En su libro De Magnete, Magneticisque Corporibus, et de Magno Magnete Tellure, publicado en 1600, explicó que sus experimentos lo llevaron a concluir que la Tierra era magnética y que esa era la razón por la cual las brújulas apuntaban al norte (antes se creía que era acción de la estrella Polaris o que había una gran isla magnética en el Polo Norte).
Desde que Galileo usó su telescopio en el siglo XVII, se sabía que al Sol le salían pecas en su superficie; de hecho, decirlo fue uno de sus crímenes contra la Iglesia, pues una creación de Dios no podía ser imperfecta.
Y en su época se estaba empezando a entender que esas pecas del Sol estaban relacionadas con explosiones, luego de que en 1859 el científico británico Richard Carrington había visto una en acción por primera vez en la historia.
El problema era otra cosa que ‘se sabía’: no había materia entre el Sol y la Tierra, había escrito el famoso Lord Kelvin en 1892.
De ser así, la hipótesis de Birkerland no era posible.
Sin embargo…
Sus observaciones la respaldaban.
En 1897, 1899 y en 1902 Birkerland se embarcó en expediciones al norte de Noruega con el propósito de estudiar las auroras.

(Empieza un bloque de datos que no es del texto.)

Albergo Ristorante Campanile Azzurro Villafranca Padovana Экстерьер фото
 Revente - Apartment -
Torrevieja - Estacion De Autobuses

Aunque en la primera fue frustrada por una tormenta de nieve que obligó al equipo a regresar, dos años después pudo tomar las medidas magnéticas que lo llevaron a suponer que el fenómeno de las luces se debía a los efectos electromagnéticos y el flujo de partículas que venían del Sol.
Pero necesitaba más para desarrollar y probar su teoría así que retornó por tercera vez a Finnmark, en el noreste de Noruega a un observatorio que estaba vinculado con otros cuatro en diferentes países, lo que le permitió tomar medidas en diferentes puntos del óvalo auroral.
Así pudo deducir que el Sol era el encendedor de las auroras, lo que -en esa época- sonaba tan exótico como el zorro que con su cola lanzaba nieve hacia las estrellas.
Una miniaurora en el laboratorio
Necesitaba entonces más que sus observaciones, documentadas en su libro “La expedición noruega de la aurora polaris”, para corroborar sus ideas.
Como lo había hecho William Gilbert para explorar el geomagnetismo, Birkelan se valió de una terrella, expresión latina que significa “pequeño planeta Tierra”, representado como una esfera magnetizada.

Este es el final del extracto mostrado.